Everything from the line containing "Canvas Print - Middle" through the final line below must be output exactly, both ends included, with nothing else and no pictures.
========
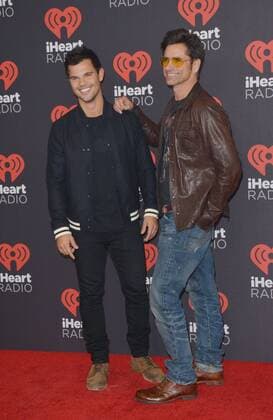 September 24, 2016 - Las Vegas, Nevada, United States of America - Actors Taylor Lautner anf John Stamos attend the iHeartRadio Music Festival on September 24, 2016 at the T-Mobile Arena in Las Vegas, Nevada. Las Vegas United States of America - ZUMAt114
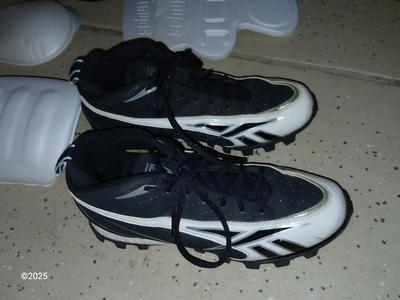A nice pair of NFL size 9 cleats pads and Nike gloves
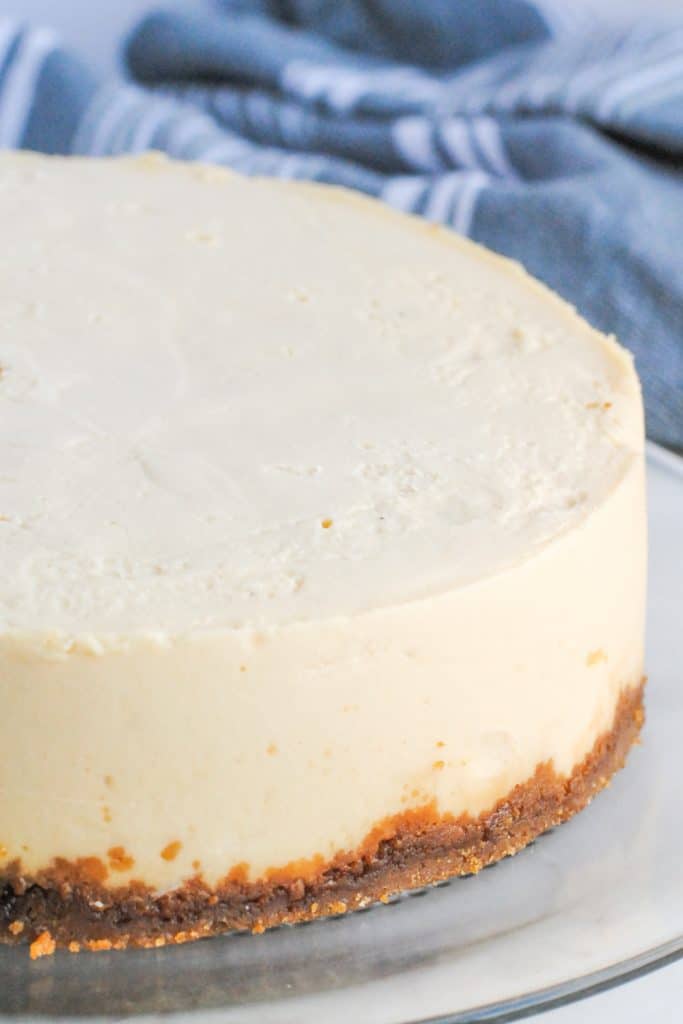 cheesecake on a white plate with gray and white striped towel in background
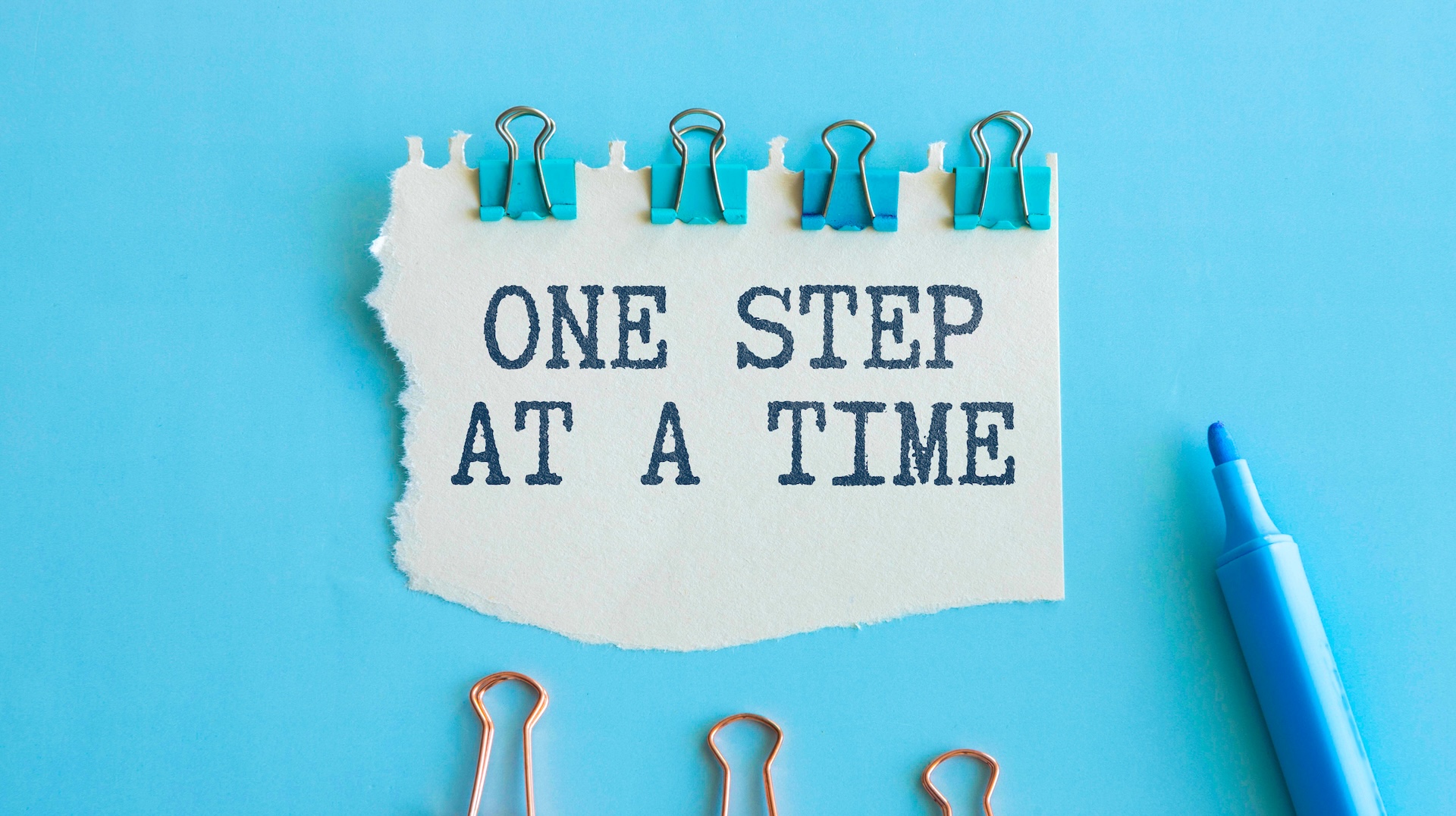 One Step at a Time Motivational Quote on Torn Paper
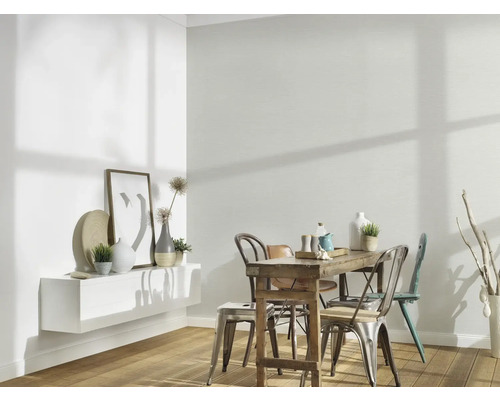 Lichte eetkamer met houten tafel, stoelen en witte wandplank met decoratie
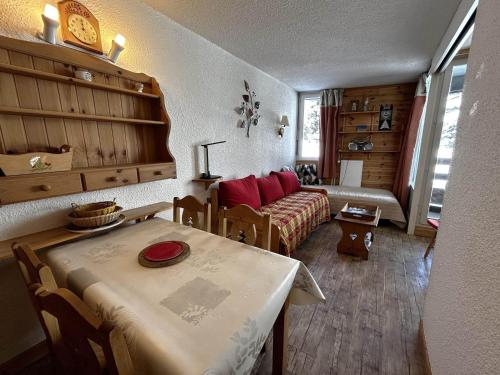 un salon avec une table et un canapé dans l'établissement Studio confortable pour 4 avec vue pistes, Ski-in/Ski-out - FR-1-452-356, aux Menuires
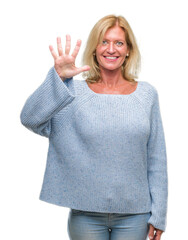 Canvas Print - Middle age blonde woman wearing winter sweater over isolated background showing and pointing up with fingers number five while smiling confident and happy.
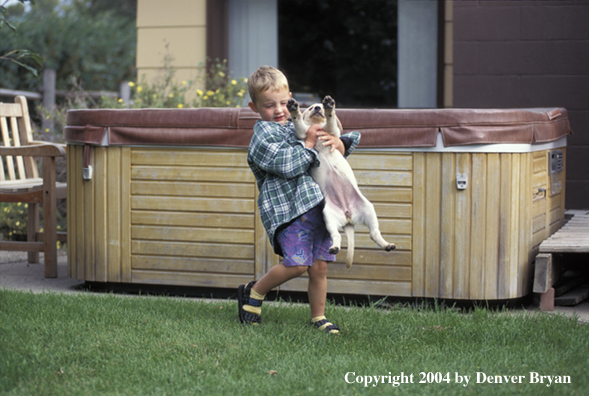 Child with yellow Labrador Retriever puppy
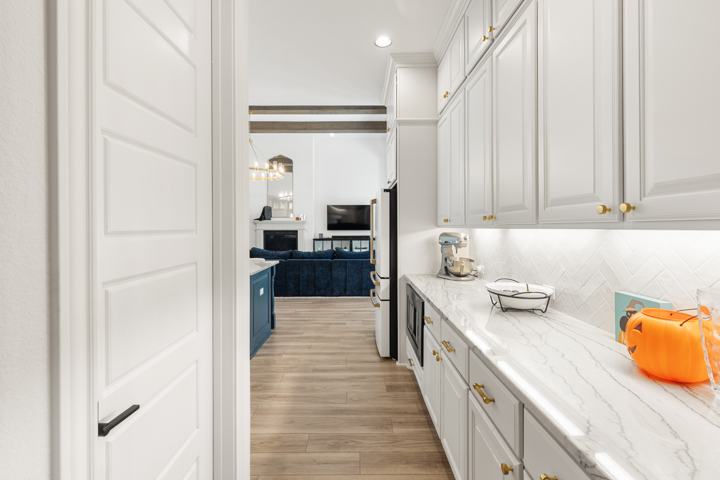 Kitchen toward the pantry and wall ovens
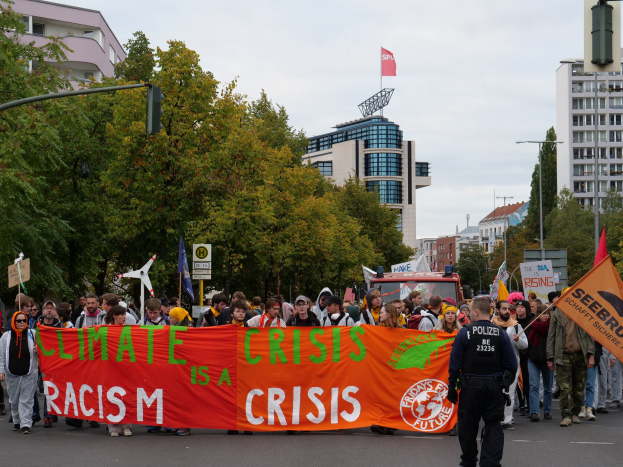 Eine Gruppe von Menschen marschiert auf einer Straße und hält ein "Klima-Krise ist eine Krise"-Schild hoch, mit Bäumen, Laternenmasten und Schildern an der Straße, einem geparkten Fahrzeug in der Nähe, Gebäuden im Hintergrund und einem klaren blauen Himmel.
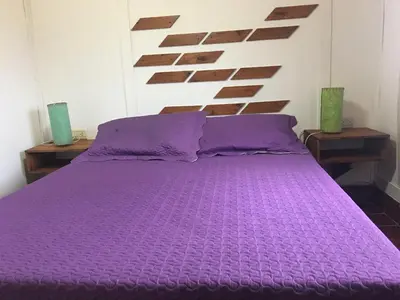 a purple bed in a bedroom with two tables at Sol de Bach in Tanti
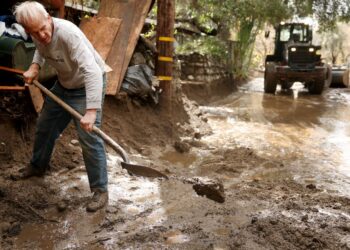 SEORANG penduduk membersihkan halaman rumahnya yang dilanda banjir lumpur di Sierra Madre, California.-AFP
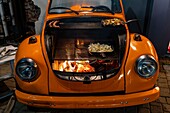 Poland, Voïvodie Lesser Poland, Krakow, Stare Miasto district, World Heritage Site, Old Town, Tytano, a former industrial complex converted into an outlet with bars and discotheque, Volkswagen Beetle transformed into a barbecue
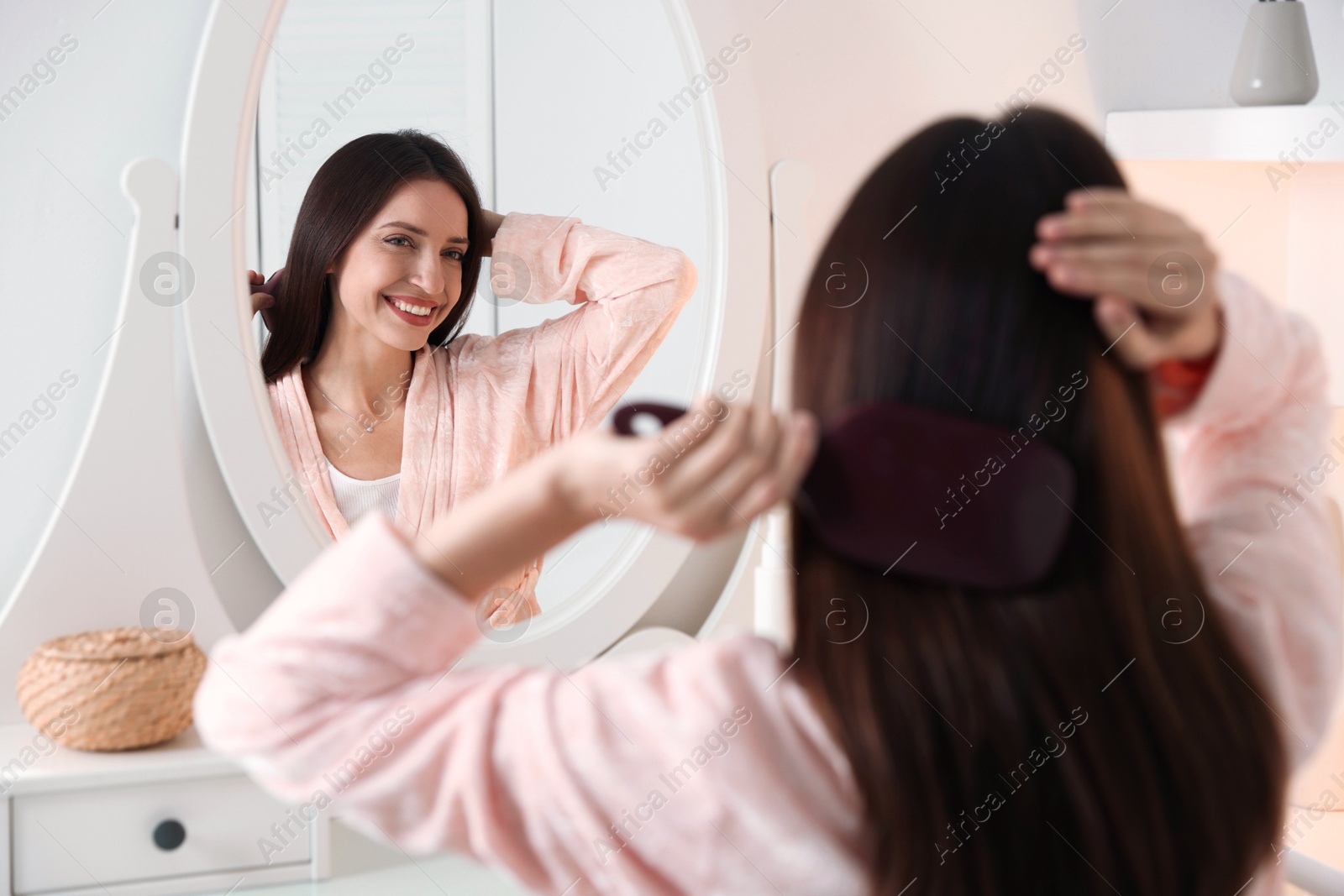 Photo of Beautiful woman brushing her hair near mirror at home, selective focus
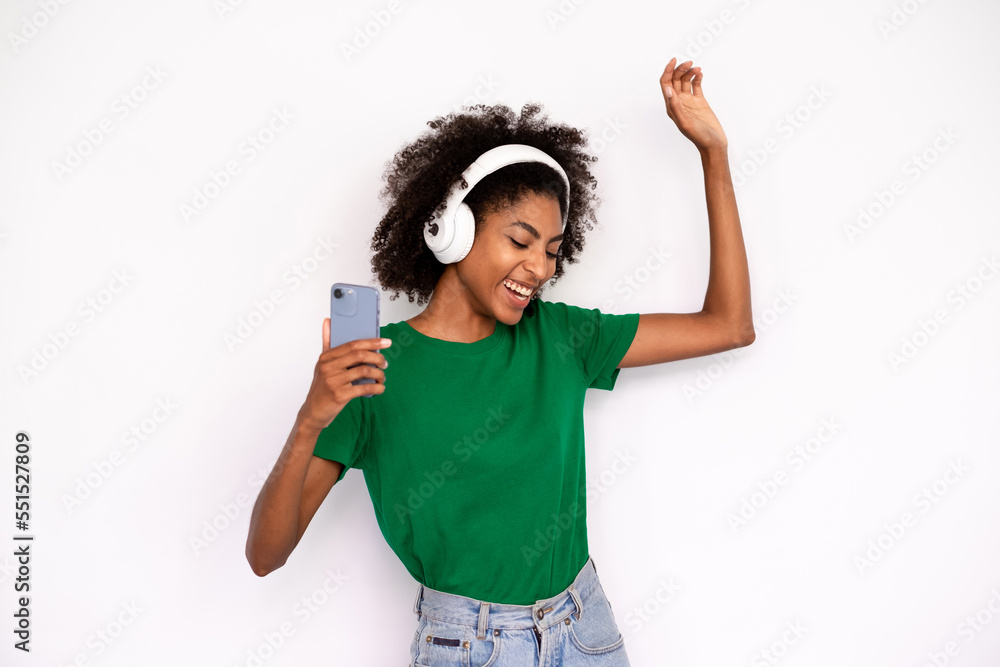 Portrait of excited young woman dancing in headphones over white background. African American lady wearing green T-shirt and jeans listening to phone player. Mobile technology concept Portrait of excited young woman dancing in headphones over white background. African American lady wearing green T-shirt and jeans listening to phone player. Mobile technology concept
========
▶ **Answer to this problem**
 Canvas Print - Middle age blonde woman wearing winter sweater over isolated background showing and pointing up with fingers number five while smiling confident and happy.
 Child with yellow Labrador Retriever puppy
 Kitchen toward the pantry and wall ovens
 Eine Gruppe von Menschen marschiert auf einer Straße und hält ein "Klima-Krise ist eine Krise"-Schild hoch, mit Bäumen, Laternenmasten und Schildern an der Straße, einem geparkten Fahrzeug in der Nähe, Gebäuden im Hintergrund und einem klaren blauen Himmel.
 a purple bed in a bedroom with two tables at Sol de Bach in Tanti
 SEORANG penduduk membersihkan halaman rumahnya yang dilanda banjir lumpur di Sierra Madre, California.-AFP
 Poland, Voïvodie Lesser Poland, Krakow, Stare Miasto district, World Heritage Site, Old Town, Tytano, a former industrial complex converted into an outlet with bars and discotheque, Volkswagen Beetle transformed into a barbecue
 Photo of Beautiful woman brushing her hair near mirror at home, selective focus
 Portrait of excited young woman dancing in headphones over white background. African American lady wearing green T-shirt and jeans listening to phone player. Mobile technology concept Portrait of excited young woman dancing in headphones over white background. African American lady wearing green T-shirt and jeans listening to phone player. Mobile technology concept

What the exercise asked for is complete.